YOUR OBJECTIVE: Transcribe the listing that follows in full, exactly, and drop its images.

#### DATASET EXTRACT ####

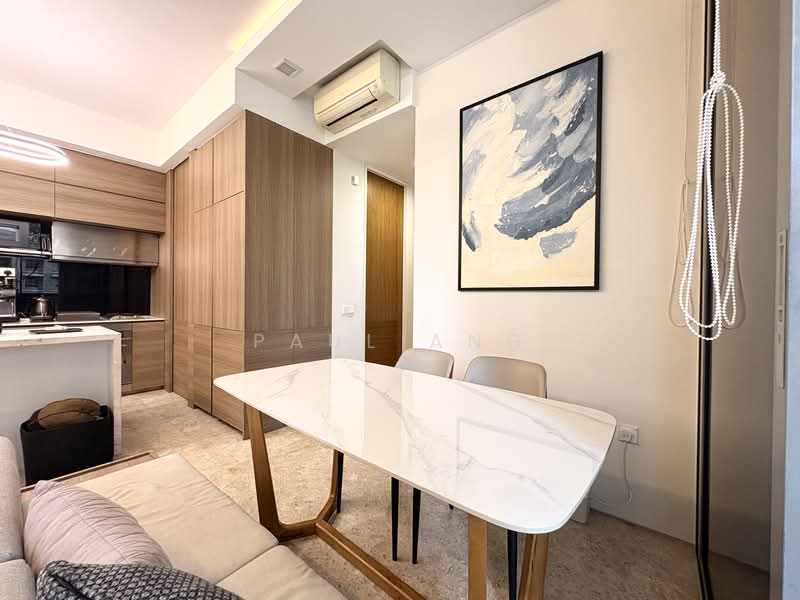 Echelon, 9 Alexandra View, 3 Bedrooms, 1,001 sqft, Condominium For Sale, by Paul Ang, 500126021 - Dining. Call Paul Ang at 87897719! - PropertyGuru.com.sg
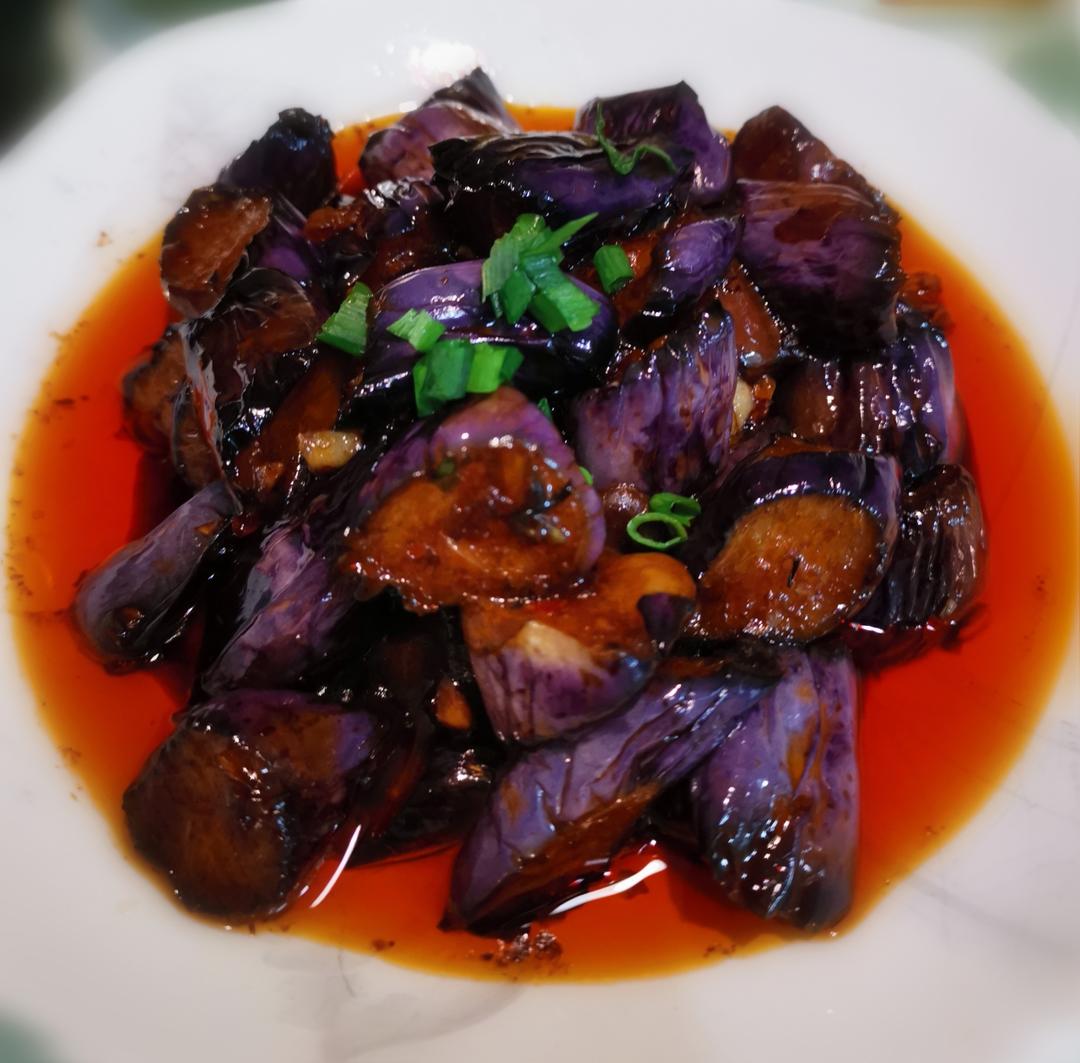 开胃下饭菜！巨简单的家常鱼香茄子煲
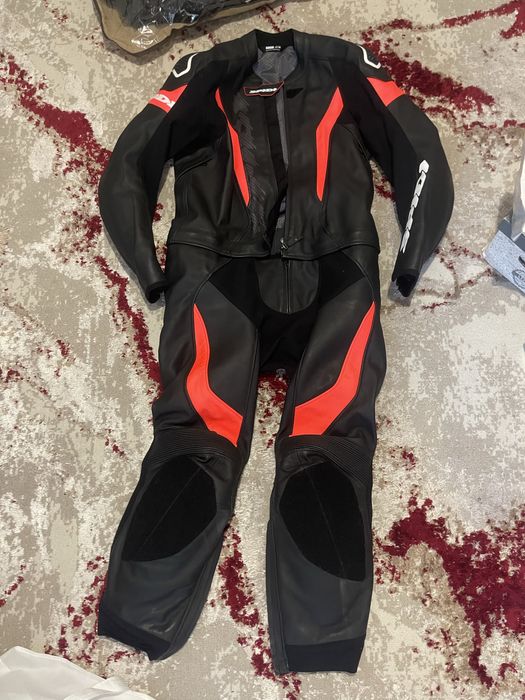 Echipament piele moto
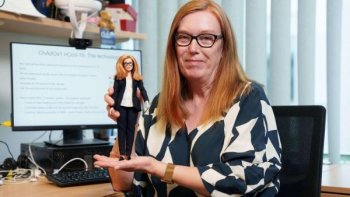 Создатель Барби выпустил куклу в честь разработчика вакцины AstraZeneca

####

RESULT OF THIS EXERCISE:
 Echelon, 9 Alexandra View, 3 Bedrooms, 1,001 sqft, Condominium For Sale, by Paul Ang, 500126021 - Dining. Call Paul Ang at 87897719! - PropertyGuru.com.sg
 开胃下饭菜！巨简单的家常鱼香茄子煲
 Echipament piele moto
 Создатель Барби выпустил куклу в честь разработчика вакцины AstraZeneca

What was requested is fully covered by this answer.